人口増加に伴い、都内の賃貸需要は増加傾向だが…
はじめて不動産を購入しようと考える人は誰でも、都心駅近の物件が欲しいなと考えます。私も同じ考えでしたし、今もそれは変わりません。
地方と比べて都心部には人が集まります。現在、日本は少子高齢化の影響によって人口減少の一途を辿っています。しかし減少しているのは地方の人口です。都市部、特に東京、大阪、名古屋の三大都市及びその周辺市町村は地方からの流入により、人口増加傾向が続いており、それに伴い、都内の賃貸需要は増加傾向にあります。
また、学生需要の増加も考えられます。学生数は、全体では減少しているものの、大学の都心回帰により、明治大学や大妻女子大学、東京理科大学など、郊外にあった大学が相次いで都内へキャンパスを移転しています。そしてこれから大学進学を目指す高校生も、郊外の大学より都心の大学に進学したいと考えるのが自然だと思います。
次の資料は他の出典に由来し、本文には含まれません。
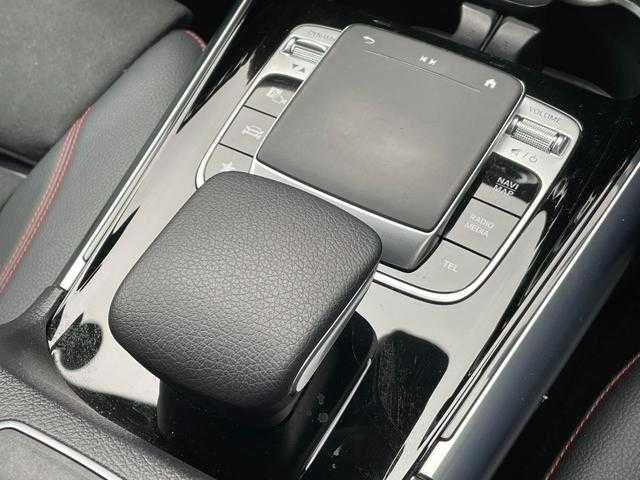 メルセデス・ベンツ Ｂ２００ｄ AMGライン 埼玉県 2019(令1)年 5.3万km オブシディアンブラック 黒半革シート/純正HDDナビ/(Bluetooth/USB/フルセグ)/アダプティブクルーズコントロール/ブラインドスポットモニター/シートヒーター/純正１８インチアルミホイール/電動リアゲート/パークアシスト/純正ドラレコ/ＬＥＤヘッドライト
そのため、より多くの学生を集めたい大学側は、次々と東京の中心地へと移転を進めています。
また、2020年の東京オリンピックも「都心人気」に拍車を掛けており、さらに、円安もあってより多くの外国人学生が日本に留学しています。
とはいえ、このようにニーズが増大し、人が集まってきている都内だからこそ取引価格は上昇していますが、どのラインがその投資に見合うのでしょうか。
地価が上昇しているエリア=下落が予想されるエリア
都心における不動産購入の指標としては、土地の価格が投資のひとつの指標になります。土地の価格は「固定資産税評価額」「全国路線価格」「実価格」の三つがありますが、他のエリアと比較できるもの、年度で比較できるものとしては路線価がわかりやすいでしょう。
国税庁から毎年発表される全国の路線価は、「道路につけられた値段」のことです。隣接する道路の値段を土地の面積にかけることで、土地の値段が導き出せます。
この路線価は路線価図での確認が可能です。そこには1㎡あたり98Dや133Aなど、土地に接している道路ごとの路線価が記載されています。この路線価をみていくと、当然ながら銀座、六本木、赤坂などの都内中心部では非常に高価で、1坪で最高4000万円ほどのところもあります。
また、注目するのはその推移です。国税庁の公開する路線価は、最新版のほかに過去6年分のものもあり、あわせてチェックする必要があります。過去の路線価と比較してみて、現在の地価はどうなのかを推測する材料になるからです。
その点を考慮すると、2016年度の都心における物件のデメリットが見えてきます。地価に関していえば、過去30年で2015年は最高額となっています。今後20~30年のスパンでの不動産投資で売却益を得ようと考えたとき、現在の投資時点で既に地価が非常に高いところにまで達しており、これ以上の将来的な値上がりを見込むのは危ういことがわかります。
つまり「現在、土地の価格が著しく上昇しているエリア」は、逆にいえば「今後土地値の下落が予想されるエリア」にもなりえます。それは、建物の経年劣化による価値の下落だけでなく、土地の値下がりによる物件価値下落で、次の売却時に安値でしか売れない不動産になってしまうことを意味します。
そのため、23区内で収益不動産を購入するにしても、地価がもともと安く、下落幅が少ないエリアを選定する必要があります。
路線価ベースで見ると平均㎡単価が安いのは、
1位:葛飾区(33万4800円/㎡)
2位:足立区(33万5160円/㎡)
3位:江戸川区(35万5955円/㎡)
4位:練馬区(39万9353円/㎡)
5位:板橋区(43万3918円/㎡)
の順となり、23区で狙い目のエリアといえます。当社においても中古の不動産を取得する際、上記のエリアの物件が非常に多いです。
また、東京都下、神奈川、埼玉、千葉西エリアは、23区を取り囲むエリアであり、市場が大きく動いたとしても都心部よりその影響、つまり上昇幅は少ないですが、下落幅もまた少ないと考えることができます。
ただし、次のエリアは23区と同等かそれ以上のエリア平均路線価格ですので、購入前提で探してもなかなか難しいのが実情です。
武蔵野市(88万6952円/㎡)
三鷹市(48万4981円/㎡)
立川市(48万0166円/㎡)
小金井市(38万9500円/㎡)
国分寺市(37万5687円/㎡)
1990年には大暴騰する土地バブルがありましたが、今後西東京、相模原エリアの坪50万円が100万円に上昇したり、半分の25万円になったりすることは考えられません。ただ、新宿、渋谷、目黒の坪400万円が300万円にまで下落する可能性は十分にあります。不動産価格の上昇局面だからこそ、地価の下がりづらいエリアに投資する必要があるのです。